Deux adjoints aux finances qui entrent en dissidence en un seul mandat municipal, ça pose question… Pour Brémond il ne s’agit que de postures politiques. « Yvon Coeffic a présenté le Rapport d’orientation budgétaire (ROB), relativise le maire. Et puis il est adjoint, pas technicien. » Ce dernier dit avoir refusé de signer un premier ROB sur lequel l’emprunt de 4 millions était trop élevé.

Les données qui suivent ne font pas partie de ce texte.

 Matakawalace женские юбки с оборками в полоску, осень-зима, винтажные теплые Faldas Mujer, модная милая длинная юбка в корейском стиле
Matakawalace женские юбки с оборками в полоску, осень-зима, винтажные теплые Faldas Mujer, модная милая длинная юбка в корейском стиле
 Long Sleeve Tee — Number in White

« On m’a alors présenté un second ROB avec un emprunt redescendu à 3,4 millions et surtout 7 millions de recettes, correspondant à l’achat d’un terrain par l’agglo, m’a-t-on dit. » Il le signe. Mais les services de l’agglomération lui auraient signifié ne pas être au courant – à ce moment là en tout cas – d’un tel achat prévu pour 2020. « J’ai alors compris qu’on s’était foutu de moi, j’ai donc refusé de présenter le budget », explique Yvon Coeffic. Ce possible achat aurait été évoqué en bureau depuis, le maire est aussi président de la Provence verte. Le ROB de l’agglomération ne semble pas en faire mention.
Adjoint placardisé
« Instruction » a été donnée par le directeur général des services par mail (6 mai 2019) aux services de la ville de ne transmettre aucun document à l’adjoint. « C’est ce que j’ai vécu il y a deux ans, explique Jean-Michel Rousseau. On ne peut plus exercer sa délégation. On n’a plus les moyens de travailler. Alors, rester en fonction ne sert à rien. » En charge de la commande publique, Coeffic n’est pourtant plus convié à certaines commissions d’appel d’offre.

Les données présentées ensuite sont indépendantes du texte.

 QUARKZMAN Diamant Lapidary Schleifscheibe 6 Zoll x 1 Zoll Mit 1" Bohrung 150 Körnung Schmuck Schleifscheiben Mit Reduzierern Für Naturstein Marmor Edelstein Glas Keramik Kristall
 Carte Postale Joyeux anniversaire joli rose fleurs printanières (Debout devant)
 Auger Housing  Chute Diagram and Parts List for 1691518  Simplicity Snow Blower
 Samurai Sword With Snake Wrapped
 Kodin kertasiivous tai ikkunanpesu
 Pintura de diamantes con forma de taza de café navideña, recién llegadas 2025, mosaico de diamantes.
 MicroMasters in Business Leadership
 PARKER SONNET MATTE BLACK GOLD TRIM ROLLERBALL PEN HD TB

« Tout a commencé lorsque j’ai demandé à voir les comptes de VAD », explique Yvon Coeffic. Var aménagement développement est une société d’économie mixte public-privée majoritairement financée par le Conseil départemental du Var. Elle coordonne et pilote des opérations d’aménagement, de construction et de réhabilitation dans le département. A Brignoles, elle intervient notamment dans la rénovation du quartier Liberté, et du projet « cœur de Ville ». La commune a accordé une garantie d’emprunt de 6 millions d’euros à VAD. Et lui a aussi cédé à l’euro symbolique des terrains dont le collège Liberté, estimés à 4,4 millions par les domaines.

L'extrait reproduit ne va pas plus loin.